These clashes, having taken place in the Albanian-inhabited regions of Macedonia, came as little surprise since the run-up to the elections was marred by violent incidents between supporters of the ethnic Albanian Democratic Union for Integration (DUI) party and its rival DPA. The shooting incident allegedly involved DUI members, and a DUI official rejected the police version, saying that interception of the group by plain-clothed police who had fired a shot into the air had led to chaos and further shooting.
Bulgaria’s Focus news agency reported that four people were wounded in a shooting at the Dame Gruev school, in Chair, an ethnic Albanian-populated area near Skopje.
There was also alleged election fraud, with claims of ballot boxes having been tampered with reportedly contributing to the outbreak of violent incidents. Allegedly, armed people had been threatening voters, the State Electoral Commission was quoted by Focus news agency as having told a news conference.
All this violence seriously undermined Macedonia’s position in the eyes of the international community.
“I deeply regret the violence which marred the elections. A day which should have been a peaceful demonstration of democratic values resulted instead in the loss of a life as well as injury to several people [...] Organised violence, intimidation and ballot stuffing in many places prevented citizens from exercising their democratic rights,” European Enlargement Commissioner Olli Rehn said.
The Organisation for Security and Co-operation in Europe, which monitored the elections, concluded that “key international standards were not met [...], as organised attempts to violently disrupt the electoral process in parts of the ethnic Albanian areas made it impossible for voters in many places to freely express their will”.
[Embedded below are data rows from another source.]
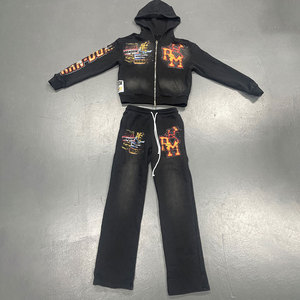 Conjunto Deportivo Personalizado 100% Algodón, Dos Piezas, Corte Regular, Sudadera con Capucha para Hombre, Felpa Transpirable, Invierno, Estampado, Chándal - Product Image 5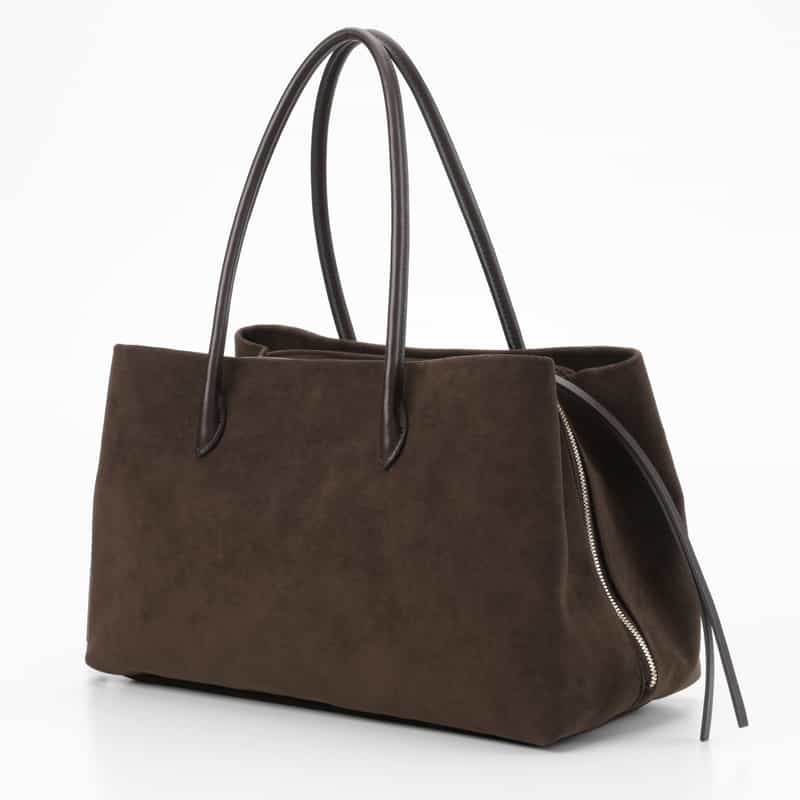 MARY AL TERNA MARY AL TERNA ＜メアリオルターナ＞ スエードレザーハンドバッグ "RIKYU" DARK BROWN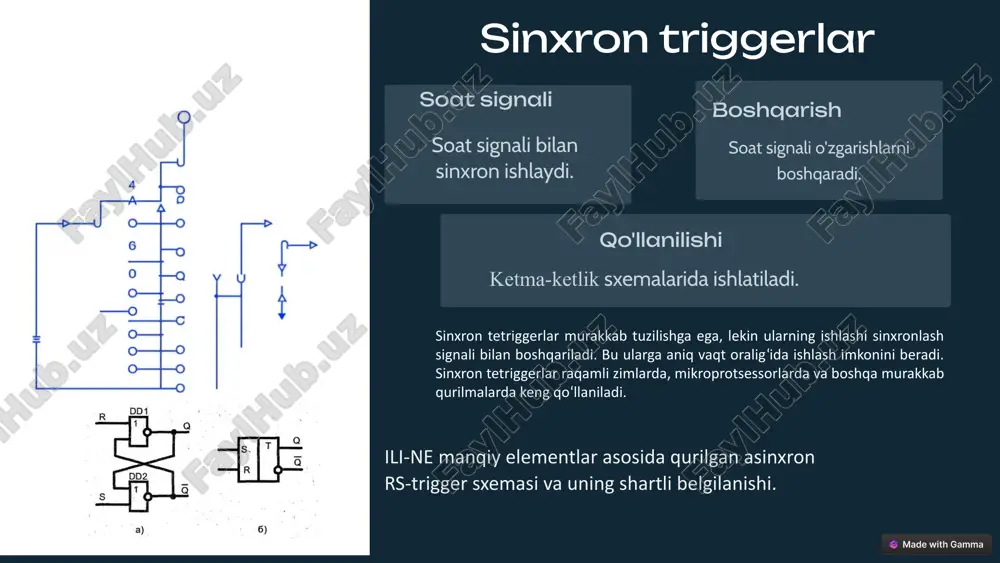 ma'ruza: triggerlar tuzilishi, ishlash prinsipi va turishi - Page 5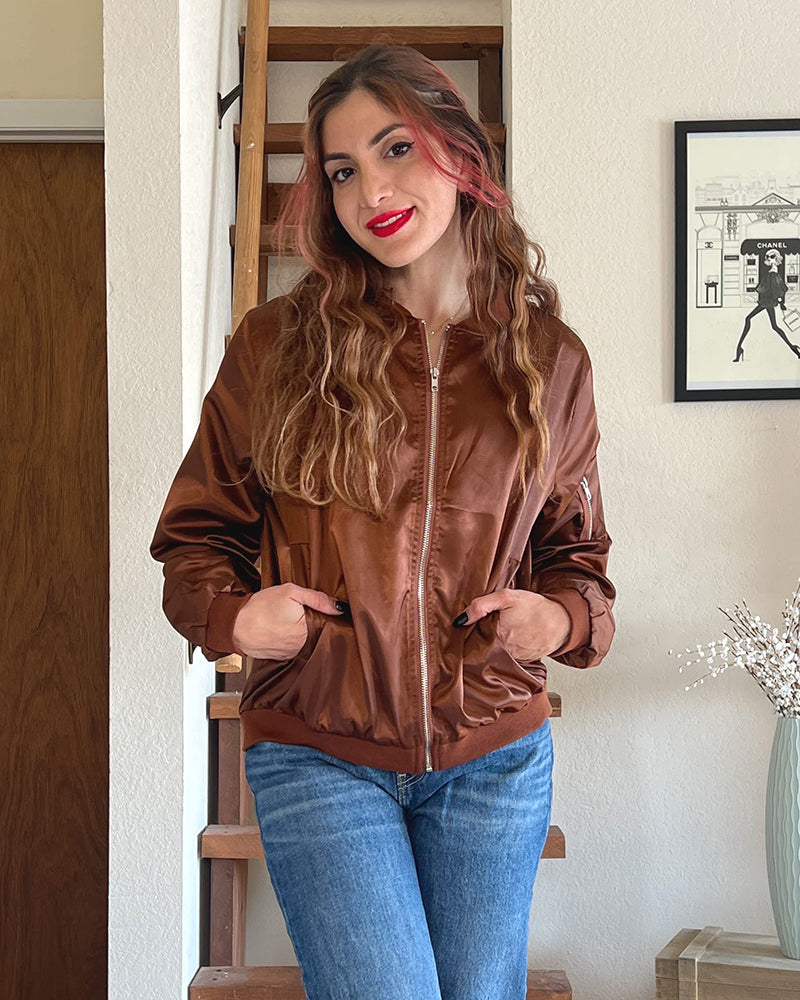 Cazadora bomber de mujer transpirable con corte relajado – TIZIANA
Bulgaria’s Foreign Ministry also declared its stance. The atmosphere in which snap parliamentary elections were held in Macedonia required all political parties in the country to assume their share of the “responsibility”, Foreign Ministry spokesperson Dimitar Tsanchev said in a statement.
In an attempt to mollify the severe criticism, Gruevski promised to hold a re-run of elections in areas where violence had prevented them being conducted peacefully. Scheduled for June 15, the re-run is bound to determine the West’s attitude to Macedonia, as it is a chance to either improve its current image and raise hopes for co-operation, or to permanently brand it a state that is shaky, turbulent and torn by ethnic rivalries.
“It is imperative that these re-runs are held in line with international standards [...] I underline that holding free and fair elections is an essential part of the political criteria of the EU accession process,” Rehn said.
In the meantime, Gruevski will spend some time deciding (or pretending he is deciding) which of the two rival Albanian parties to take on board in the next cabinet. Technically he needs none, but this way he can integrate the Albanians in the government of Macedonia, show ethnic tolerance and strengthen his majority. Although the DUI managed to collect a few more votes than the DPA, the two parties each won an equal number of seats in parliament – 13.
Gruevski’s obvious choice might be his current coalition partner, the DPA, but he clearly did not want to make hurried commitments. However, he said that, first, he will not hold any coalition talks before the re-runs and, second, he will ally with the Albanian party that has won the most votes, website Balkan Insight reported, quoting Gruevski as telling local A1 TV that “VMRO-DPMNE will enter a coalition with the one Albanian party that wins [the polls] among Albanians in a fair and democratic way”.